On Mon, 8 Apr 2002, Irv Lustig wrote:

> At 02:56 PM 4/8/02 -0500, Leonardo B. Lopes wrote:
> >How would you do business differently if we suddenly had a solution to
> >this standards problem?
> 
> This statement assumes there is a "standards problem".

I value your opinion and experience tremendously, but it is obvious that I
disagree with you here. More importantly, a lot of other people also do,
both in research and in business. There really is a standards problem, and
there are two sanity checks to show that: The attendance and discussion
level at the different talks on the subject; and the methods through which
optimization software currently communicates (including ILOG software).

> 
> Today, we have an agreed upon standard, called MPS format.  The various 
> vendors have some minor differences in how this standard is interpreted in 
> some very detailed points, but for 99.90f problems that we each see, the 
> interpretation of MPS files is the same.
> 

This may be true. I think a lot of people disagree with this statement,
but I won't get into that. I personally agree with it for the most
part. So let's assume it is completely true. What are its implications?

I would argue that its implications are narrow. It implies that if you
really really need to, you can transfer _linear_ programs -- with
practically no structure information -- between systems of different
vendors, if you're reasonably lucky, or have a motivated (financially,
strategically or otherwise) expert around.

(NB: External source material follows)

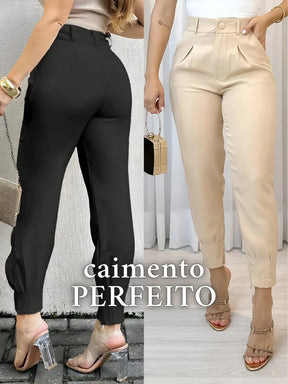 Calça Jogger Cenoura em Alfaiataria com Cinto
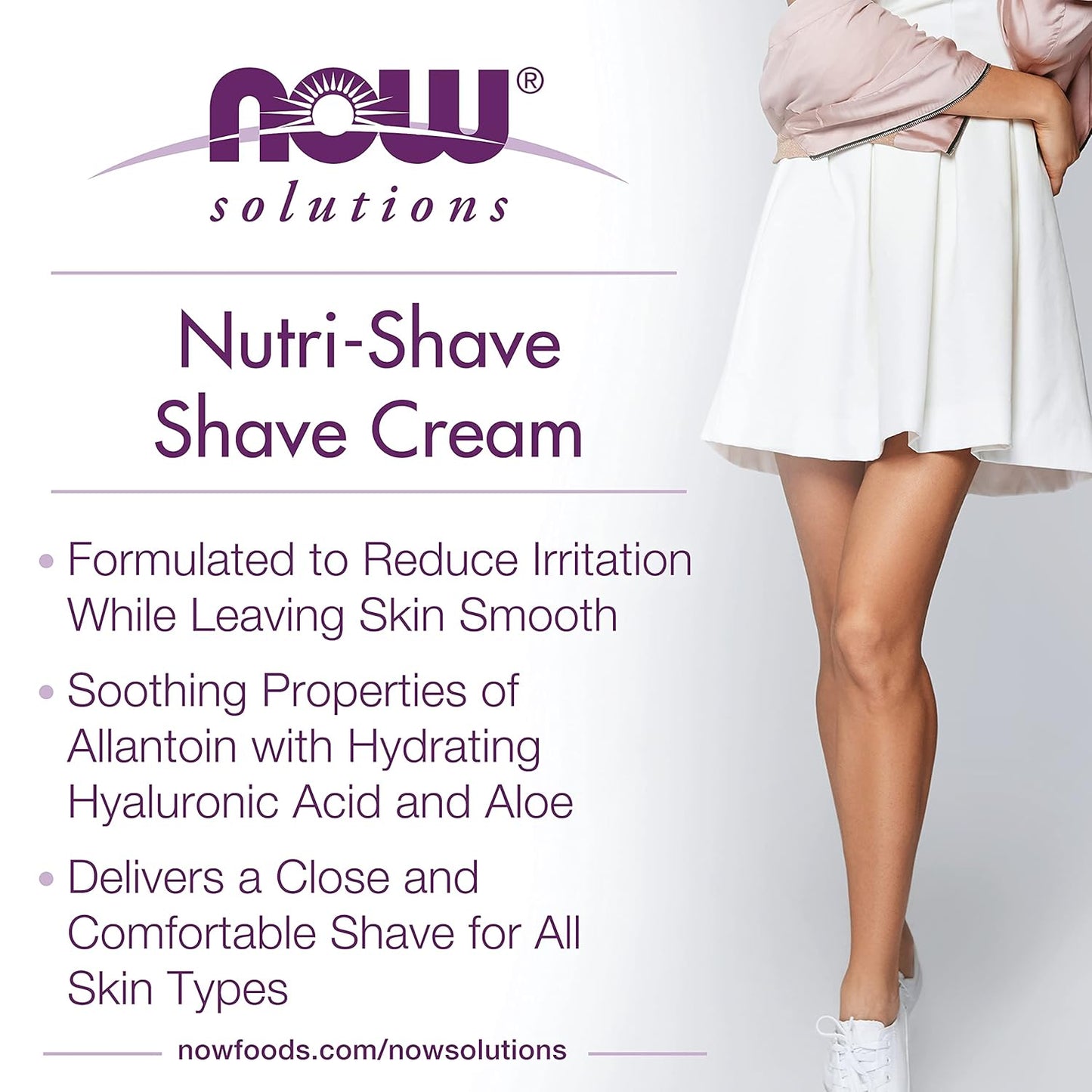 NOW Foods Solutions, Nutri-Shave, Shave Cream, Removes Pore Clogging Residue, Reduces Irritation, 8-Ounce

That might be fine for supporting bugs, or benchmarking software, but it
is a far cry from an industry-wide solution that addresses the
representation and communication needs we have -- and will have -- in a
comprehensive way. To confirm this, it is enough to see that virtually
every solver connected to ampl uses the .nl file and associated library,
an example of a far superior solution in design and implementation.

> The "solutions" that are being proposed are just to change the format from 
> MPS to XML.  This wouldn't change how we do business, except we'd probably 
> need more gigabytes of storage to store all those very fat XML files. :->
> 

That is certainly not the solution I'm proposing. My presentation and
Bjarni's show that even the current proposals do a lot more than what MPS
does. In fact, finding an XML equivalent for MPS is about 1-3 days of
work, and we certainly don't need this many smart people together to
accomplish it.

As for the "fatness" of XML, it would be nice for our application if the
textual representation of XML objects were more terse. But XML's verbosity
will not be a serious problem, for three reasons:

First, the format can be designed to guarantee linear complexity in all
operations; Second, part of developing an XML format is defining a DOM (in
rough terms, a DOM is an access library). In almost all practical
scenarios, objects will get passed around between applications directly in
memory, using much more terse representations; Third, since we can express
a tremendous amount of structure using XML, we will actually produce
smaller files to begin with. Imagine for example building a matrix out of
blocks and having only one copy of the block. For an example of this see
my informs presentation. In addition, XML compresses extremely well. There
is even software specifically designed to compress XML, with which the
compressed XML becomes smaller than the compressed original data. See for
example http://www.research.att.com/sw/tools/xmill/.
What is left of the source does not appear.